Les Parlementaires se font souvent aidés dans leur décision. Les lobbys sont puissants aujourd’hui. Ils pèsent de tout leur poid sur le législateur. En matière économique, ils font généralement pression sur le législateur en menaçant de faire fuir les entreprises qu'ils représentent à l’étranger si le législateur ne décide pas ainsi, et ne fait pas comme cela. (Regardez l’épisode des « pigeons » dans l’actualité la plus récente…)

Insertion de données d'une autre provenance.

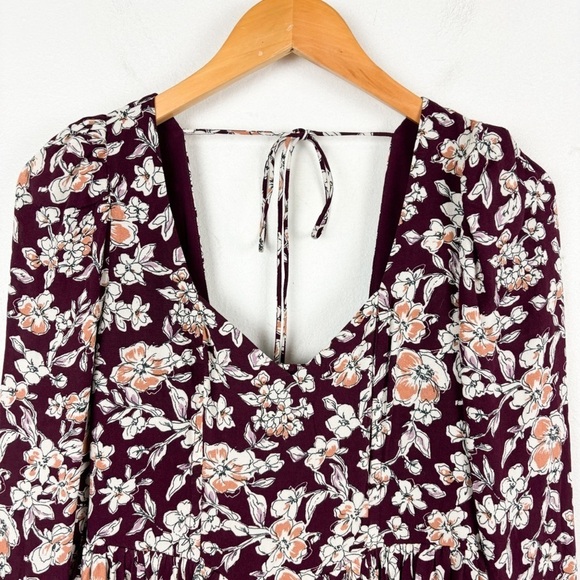 NWT Altar'd State Maroon Floral Babydoll Long Sleeve Mini Dress Sz XS - Picture 3 of 7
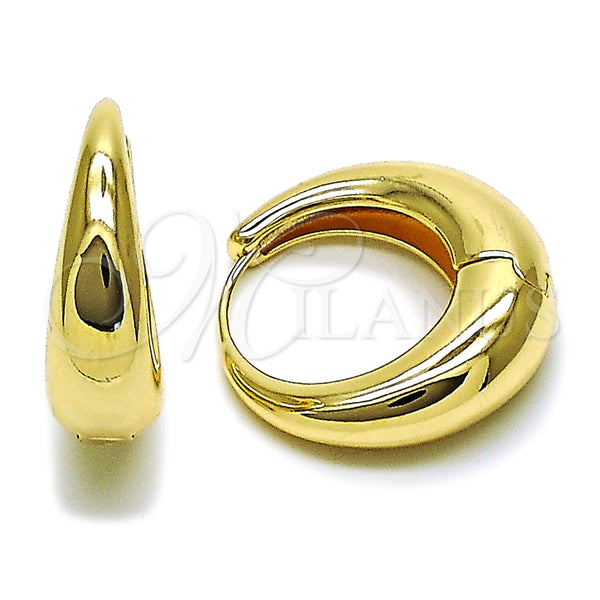 Argolla Huggie 02.195.0171.30 Oro Laminado, Pulido, Tono Dorado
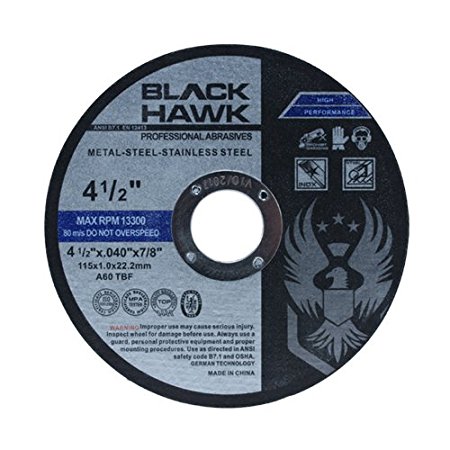 25 Pack Black Hawk 4-1/2" x .040 x 7/8" Arbor Metal & Stainless Steel Cut Off Wheels - Ultra Thin Discs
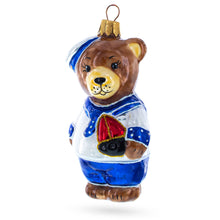 Load image into Gallery viewer, Bear the Sailor Glass Christmas Ornament
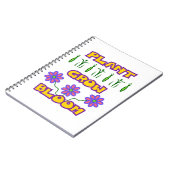 Plant Grow Bloom Quote Pink Flowers Yellow Text Notitieboek (Linkerzijde)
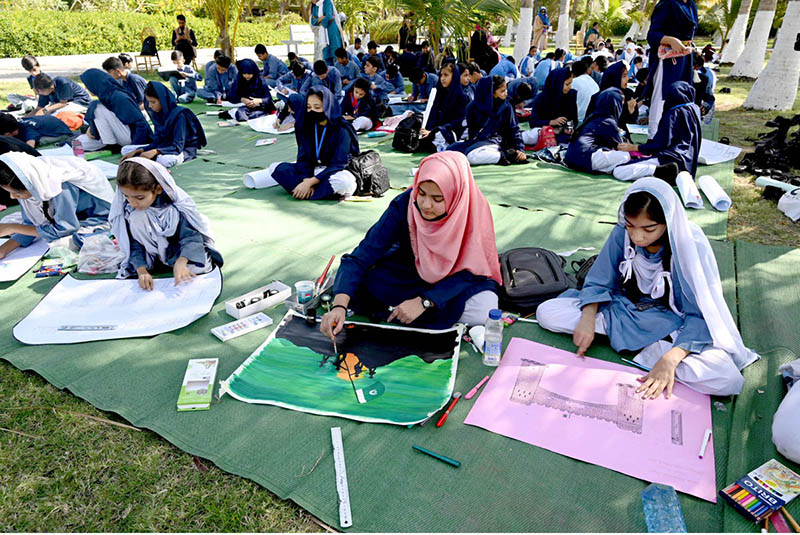 Student participating in Intra –School Arts Competition to celebrate Pakistan Day at Quaid –i-Azam Mazar organized by Government of Pakistan Ministry of Information and Broadcasting Directorate of Electronic Media and Publications (DEMP) Regional Office and Quaid –i-Azam Mazar Management Board (QMMB), National Heritage and Culture Division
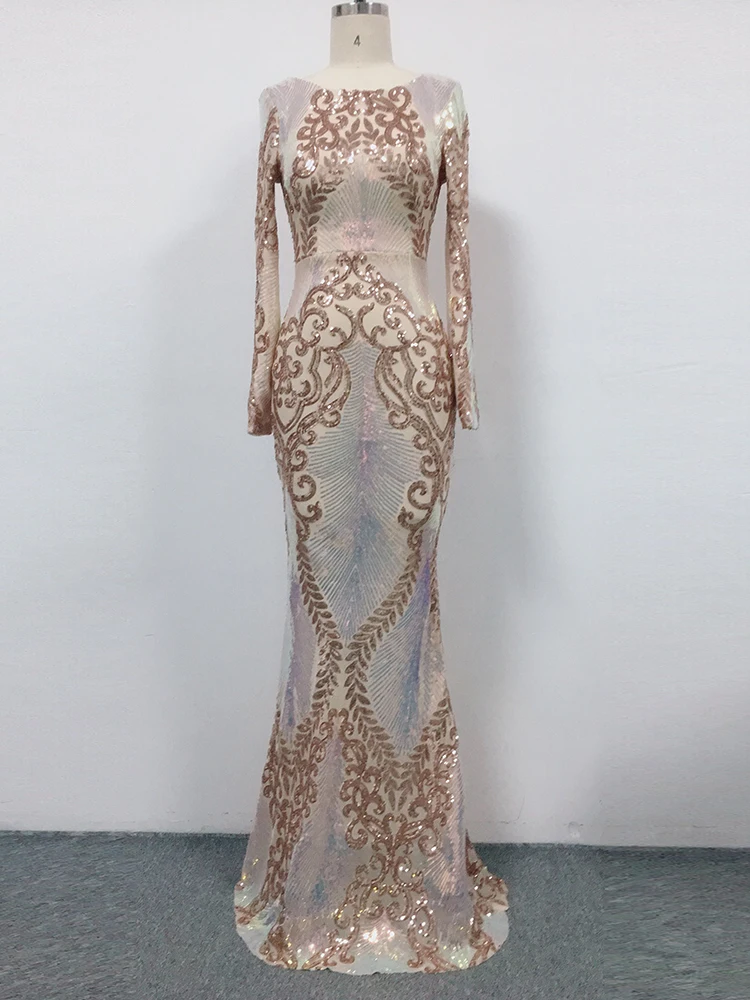 O-neck Long-Sleeve Shinning Sequins Evening Dresses Sexy Backless Mermaid Party Gowns Maxi Elegant Multi Female Robes vestidos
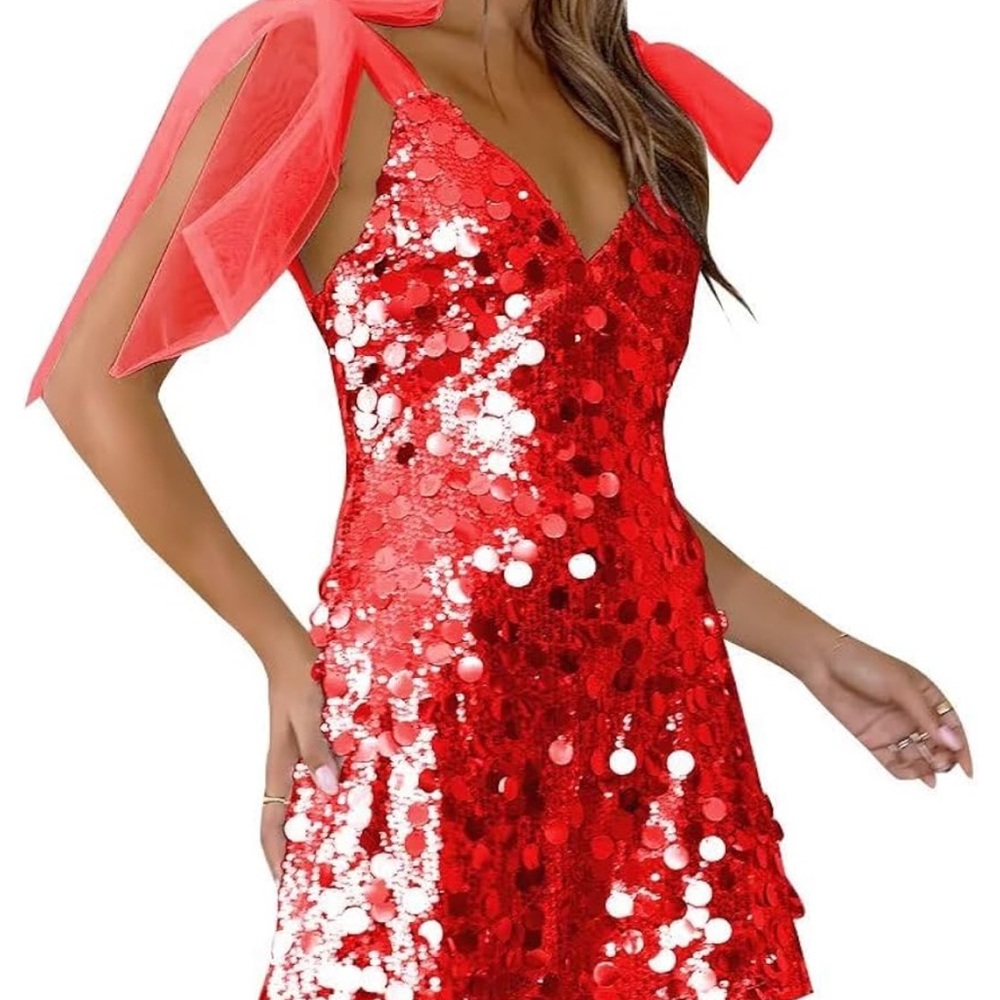 Red Sequin Dress with Sheer Bow Straps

Aussi, autre fait notable, le parlement ne représente pas la diversité des citoyens. La diversité professionnelle à l’Assemblée nationale n’est pas un modèle. Par exemple, une part de 10% et plus env. de l’Assemblée nationale est composée de « profession libérale » quand seulement 1% de la population l’est effectivement. En bref, beaucoup de médecin et d’avocat, beaucoup de fonctionnaires, beaucoup plus que la population n’en compte, par exemple. Je ne vous laisse pas imaginer pourquoi certains privilèges professionnels sont faits par le législateur à certaines catégories de la population active.
En outre, la moyenne d’âge de l’assemblée nationale n’est pas semblable à la celle des français (40 ans pour les Français, 54 pour les députés. Cela signifie qu’il y a beaucoup de vieux, qui s’encroutent. Je ne souhaite pas m’embourber dans le débat sur les cumuls de mandat (notamment en durée) mais je n’en pense pas de bonnes choses. La démocratie a du mal à se renouveler. Les doctrines politiques d’aujourd’hui sont quasiment les mêmes qu’il y a 100 ans. Et la France joue à la politique avec une seule main : gauche ou droite. Et pourtant, quand on regarde plus près, ça ne veut plus dire grand-chose. Certains ont des idées très libérales qu’ils allient avec une teinte d’idées « sociales » et on les place quand même à gauche, on appelle ça « social démocratie »… Des fois, je me dis que c’est dure la politique.
Enfin, plus pragmatique encore, les représentants du peuple n’ont pas exactement les mêmes rémunérations mensuelles que le peuple. Leur salaire est haut et les indemnités de représentation de base (libre d’utilisation) élevées : 5 514,68 € net (plus de cinq fois le SMIC net). A titre indicatif, en France, le revenu médian est de 2300 euros environ (gros salaires comptabilisés), en sachant que les Français majoritaires vivent en dessous de 2000 euros par mois (une bonne partie)… Comme diraient les « populistes », ce n’est pas la crise pour tout le monde.
Les parlementaires jouissent de nombreux avantages (5 ans de retraites pour 1 an de service, véridique, et pourtant au Sénat, le retraite on la prend pas !) mais ce ne sont pas les seuls.
LES PRIVILEGES DU GOUVERNEMENT
On connait leur salaire grâce aux socialistes d'aujourd'hui. Le salaire des ministres a été baissé à environ 10 000 euros par mois. « C’est honnête et raisonnable », comparé à avant. Seul problème qui me chagrine : les ministres jouissent d’autres avantages : logements de fonction, indemnités de déplacements, privilèges de déplacement (réquisition)… Or, toutes ses dépenses logiques sont imputés normalement sur nos salaires, nous « en bas ». Nous, avec 1 500 euros et quelques, on paye notre logement, nos charges, nos frais de déplacement, … et à la fin il reste peu de chose comme salaire disponible « pour nous ». Je pense qu’on ne peut pas dire que c’est raisonnable d’avoir 10 000 euros de salaire disponible (après impôts) quand plus de la majorité des français vivent avec moins de 2000 euros. Et pourtant, les Français doivent faire des efforts…
Mais, pour en revenir à la démocratie, étant donné que les parlementaires jouissent d'avantages comparables, ils se taisent et évaluent peu la gestion des budgets gouvernementaux. Enfin, les parlementaires ont un budget (Sénat et AN ensemble) de quasiment 1 milliard d'euros. Donc, ils vont pas aller faire la morale.
Pendant ce temps, la démocratie est bafouée.